### What this task involves:
Taking the data below, please print only the lines from the line holding "Gallery image thumbnail" to the line holding "FULLY Green Tomato Toner 250ml", inclusive, with pictures omitted.

### Input data:
◇ ◇ ◇ ◇ ◇ ◇ ◇

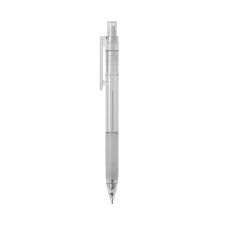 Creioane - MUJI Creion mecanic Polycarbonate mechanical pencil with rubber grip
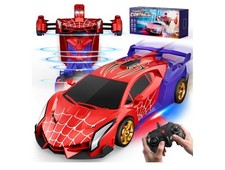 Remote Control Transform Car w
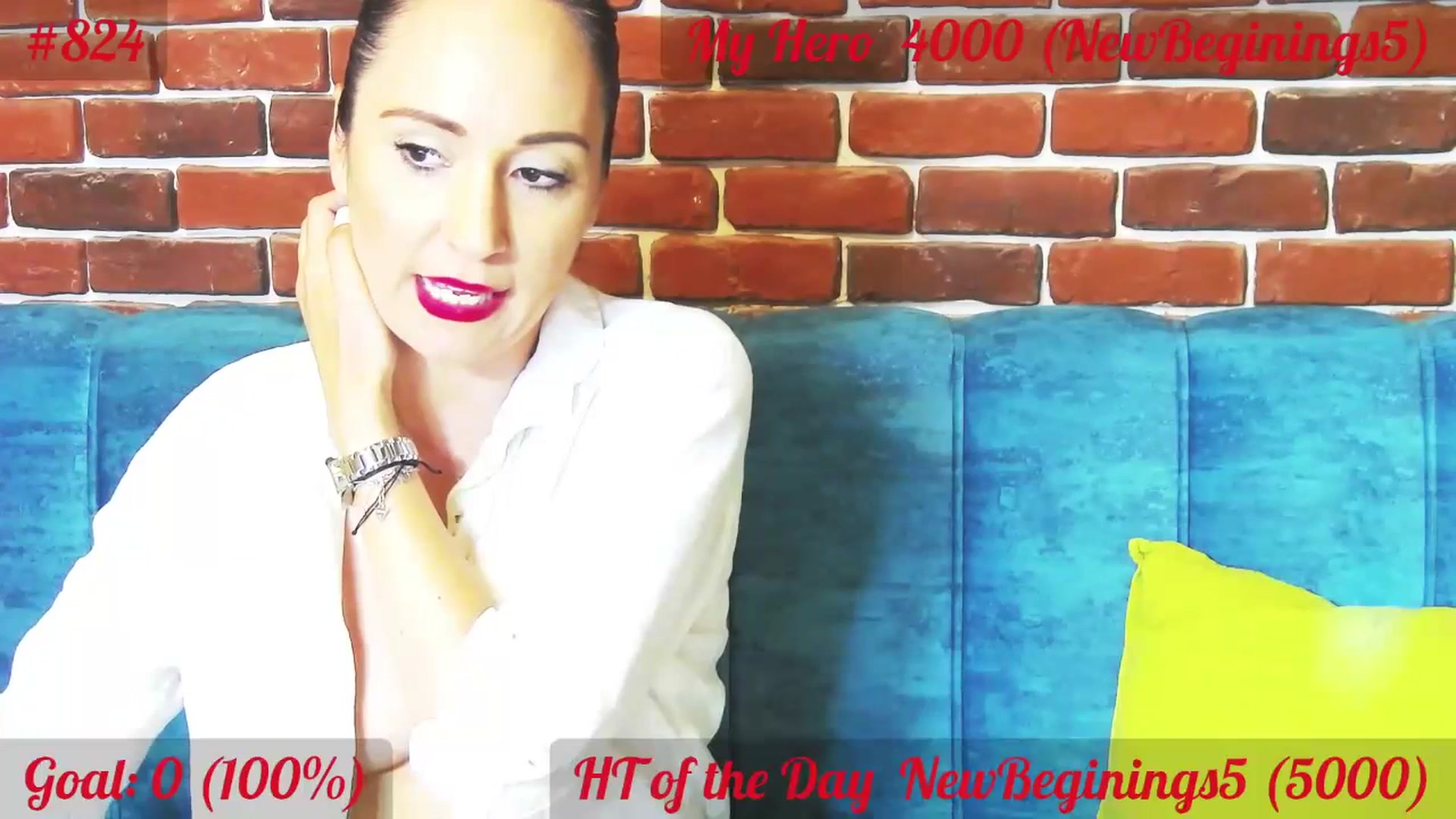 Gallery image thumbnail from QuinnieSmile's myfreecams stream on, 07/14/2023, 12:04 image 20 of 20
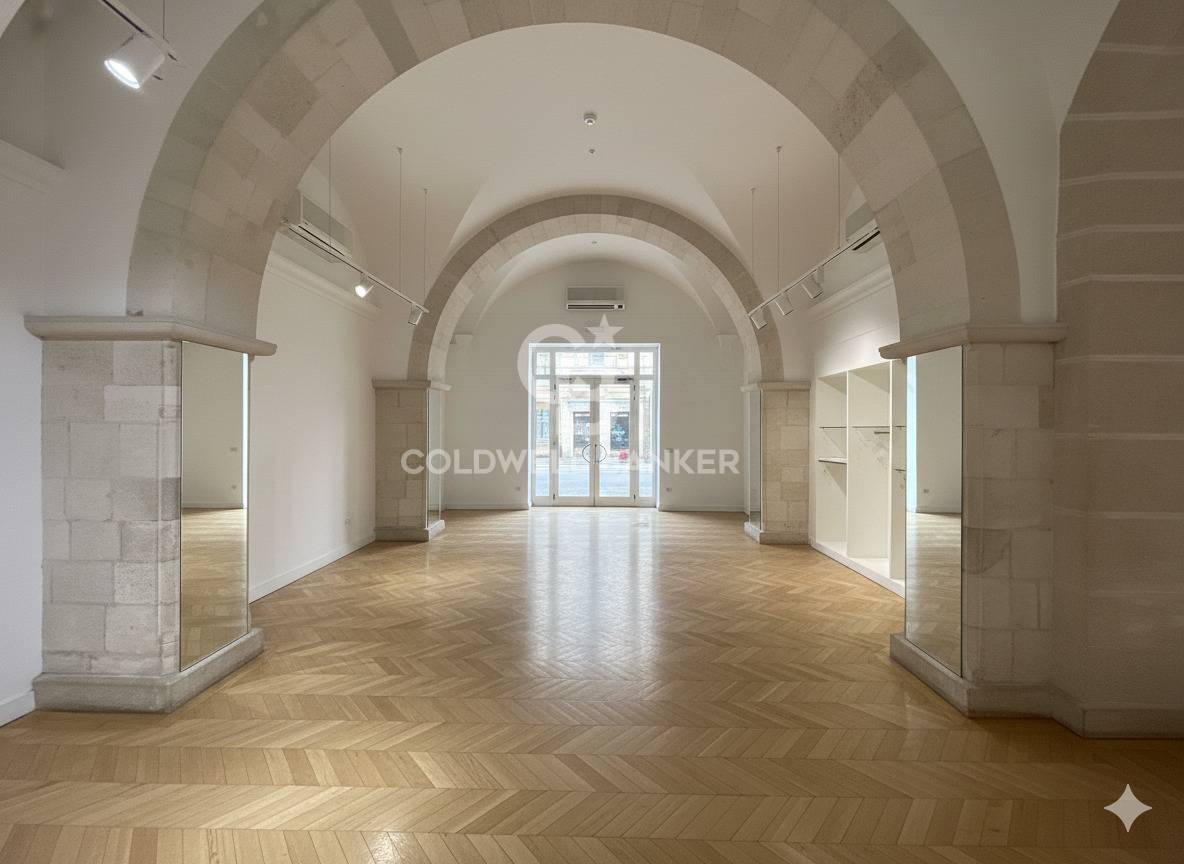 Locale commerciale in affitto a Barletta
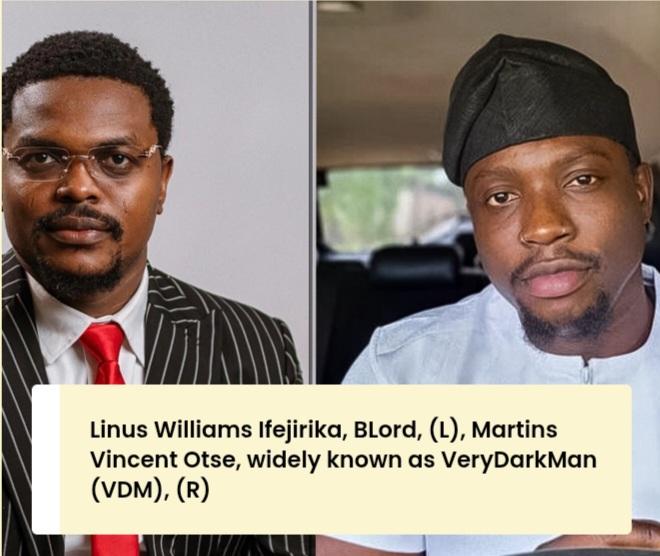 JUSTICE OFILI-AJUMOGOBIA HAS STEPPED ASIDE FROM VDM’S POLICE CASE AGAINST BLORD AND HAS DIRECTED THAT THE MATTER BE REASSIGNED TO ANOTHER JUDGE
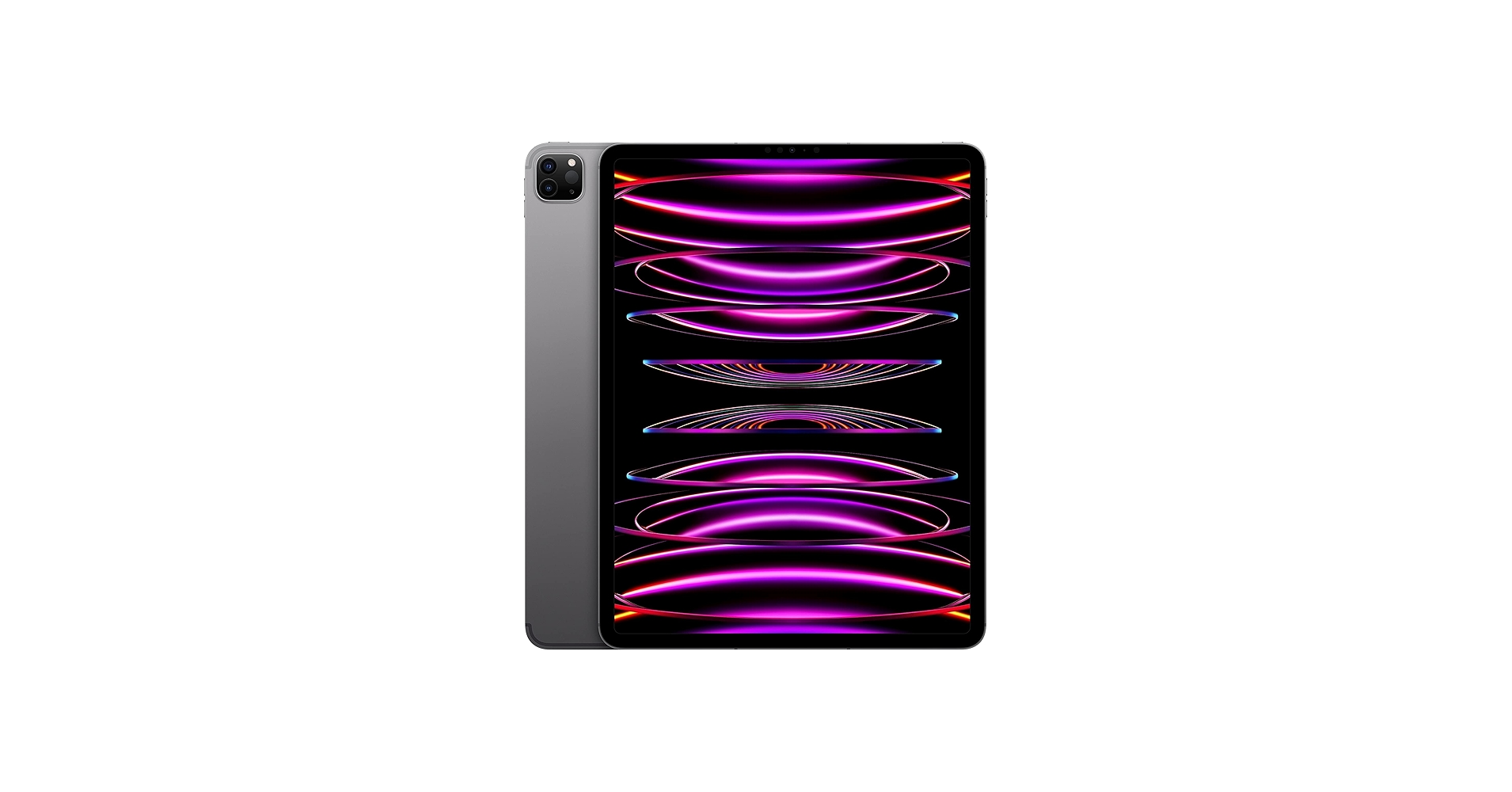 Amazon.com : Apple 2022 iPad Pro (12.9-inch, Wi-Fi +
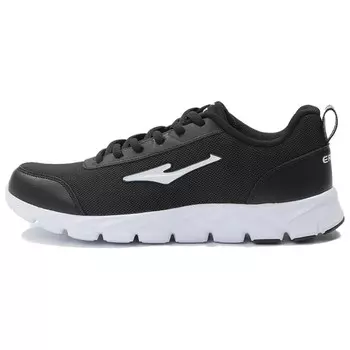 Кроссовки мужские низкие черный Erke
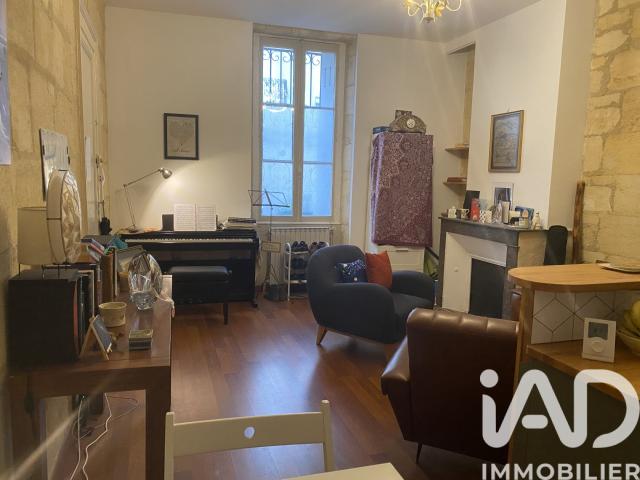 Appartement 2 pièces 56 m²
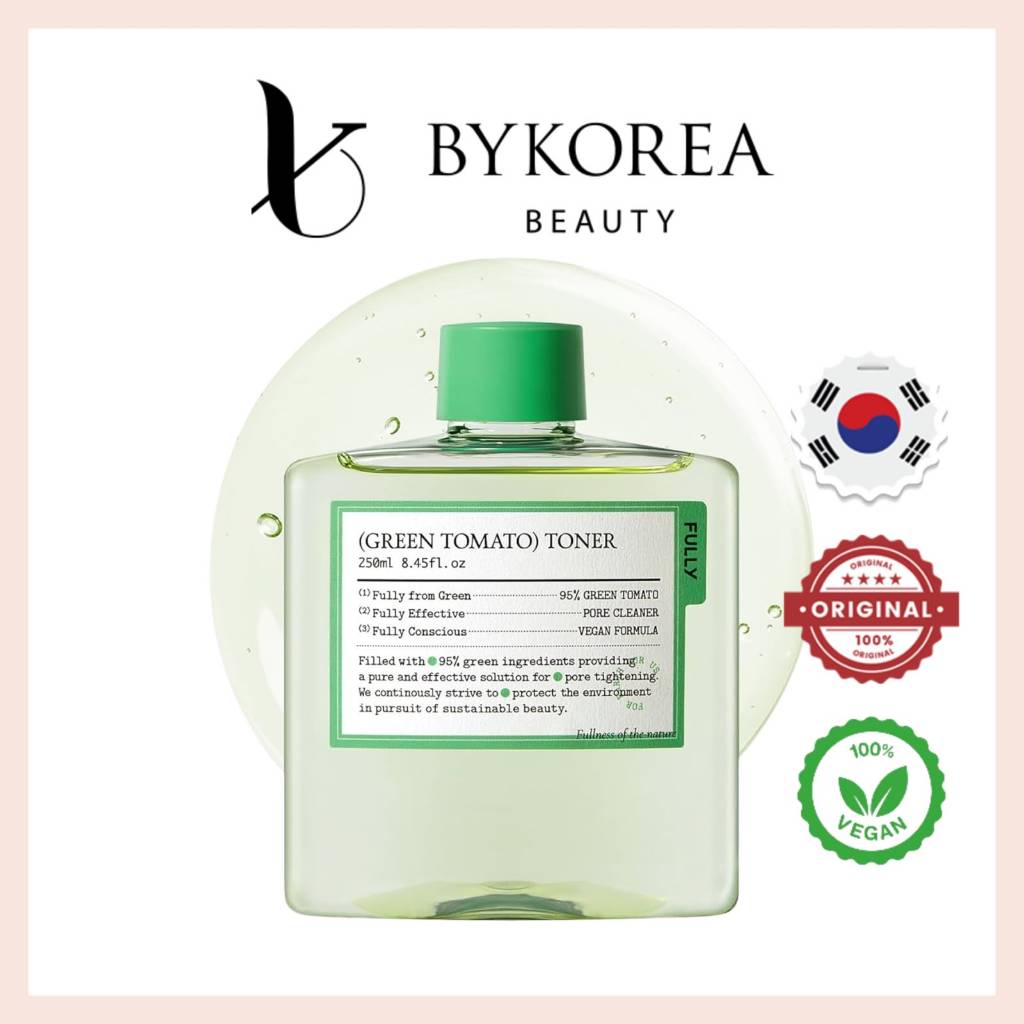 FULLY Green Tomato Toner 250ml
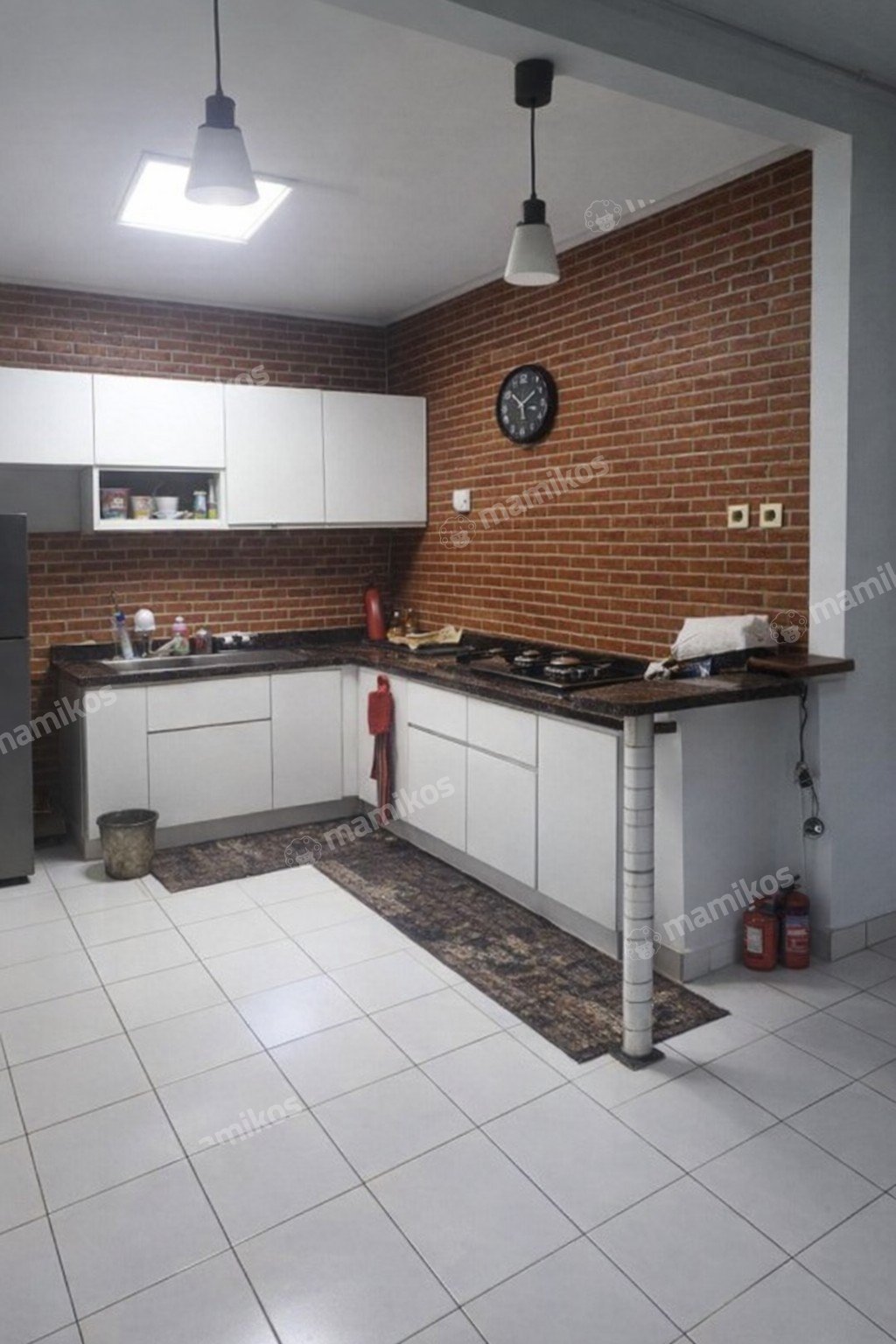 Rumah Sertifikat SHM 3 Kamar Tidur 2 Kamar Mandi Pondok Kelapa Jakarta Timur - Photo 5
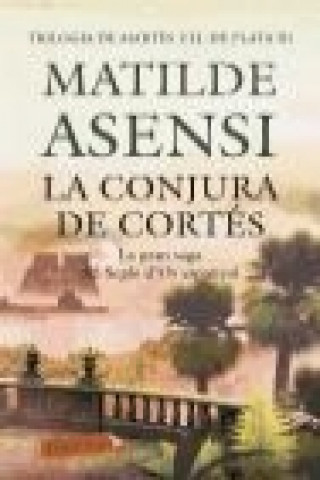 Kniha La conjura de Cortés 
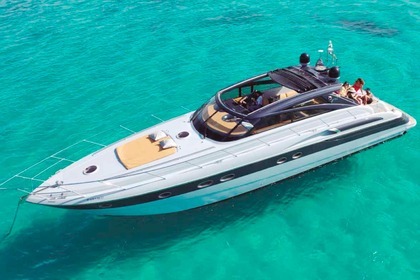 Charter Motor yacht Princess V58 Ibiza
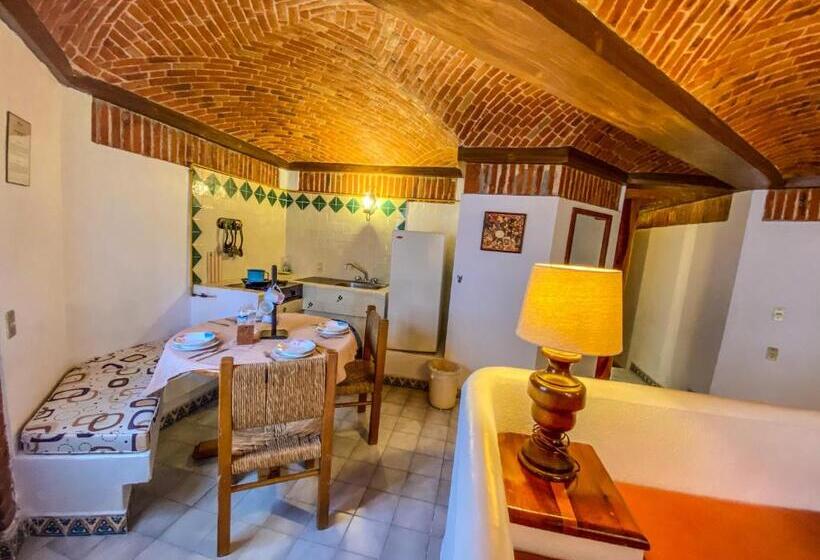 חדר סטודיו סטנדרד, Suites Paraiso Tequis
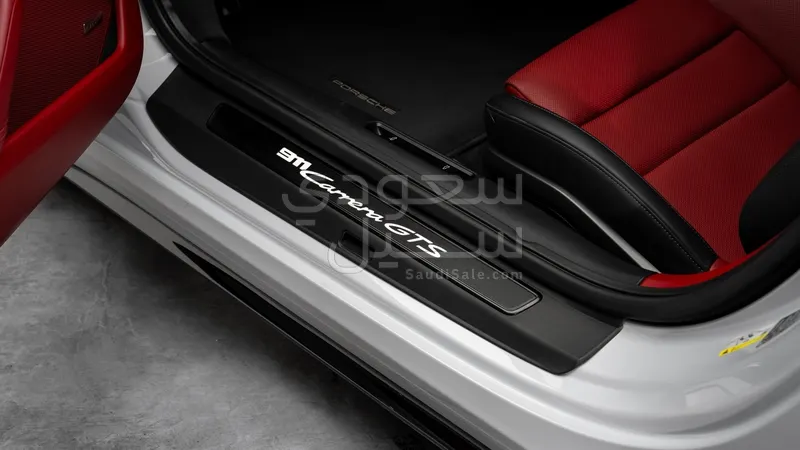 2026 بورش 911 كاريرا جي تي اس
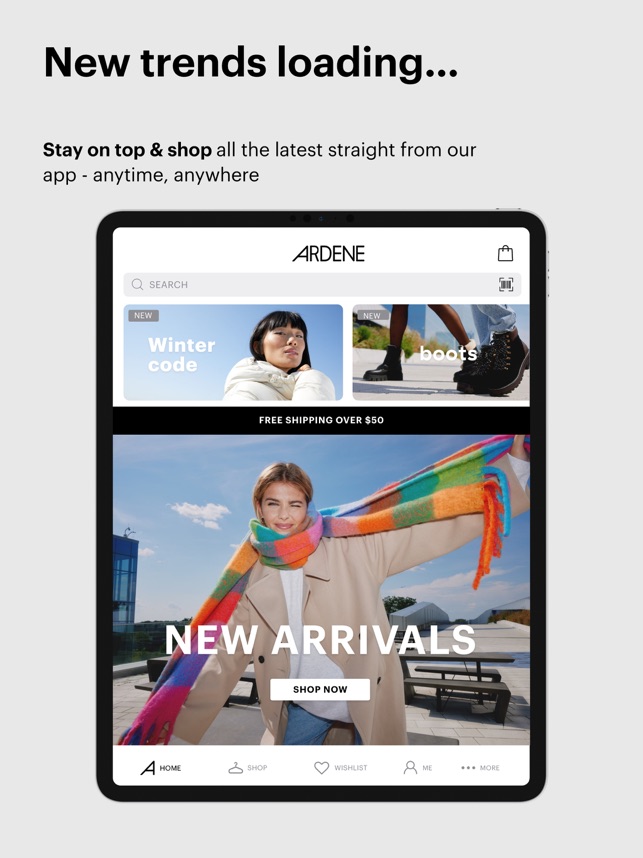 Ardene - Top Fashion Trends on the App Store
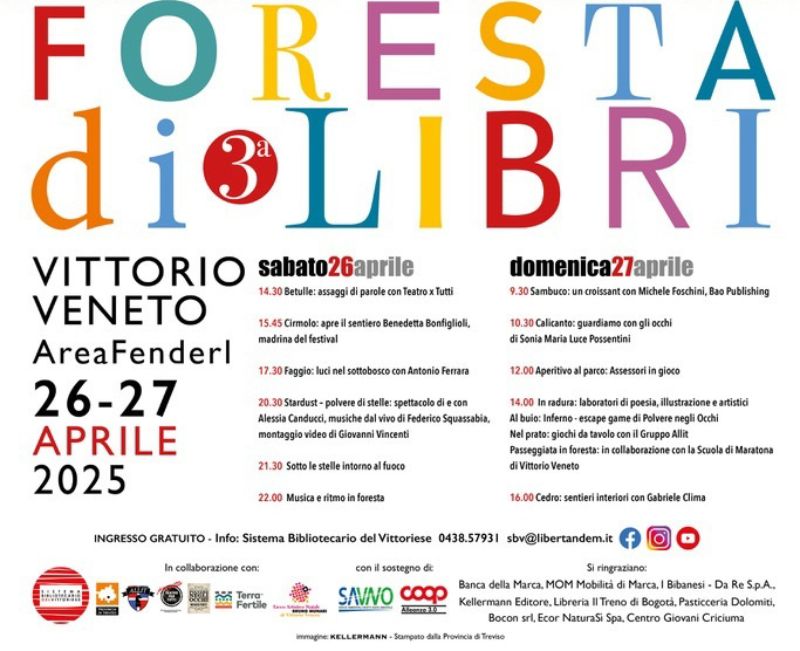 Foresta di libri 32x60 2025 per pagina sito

◇ ◇ ◇ ◇ ◇ ◇ ◇

### Task answer:
 Gallery image thumbnail from QuinnieSmile's myfreecams stream on, 07/14/2023, 12:04 image 20 of 20
 Locale commerciale in affitto a Barletta
 JUSTICE OFILI-AJUMOGOBIA HAS STEPPED ASIDE FROM VDM’S POLICE CASE AGAINST BLORD AND HAS DIRECTED THAT THE MATTER BE REASSIGNED TO ANOTHER JUDGE
 Amazon.com : Apple 2022 iPad Pro (12.9-inch, Wi-Fi +
 Кроссовки мужские низкие черный Erke
 Appartement 2 pièces 56 m²
 FULLY Green Tomato Toner 250ml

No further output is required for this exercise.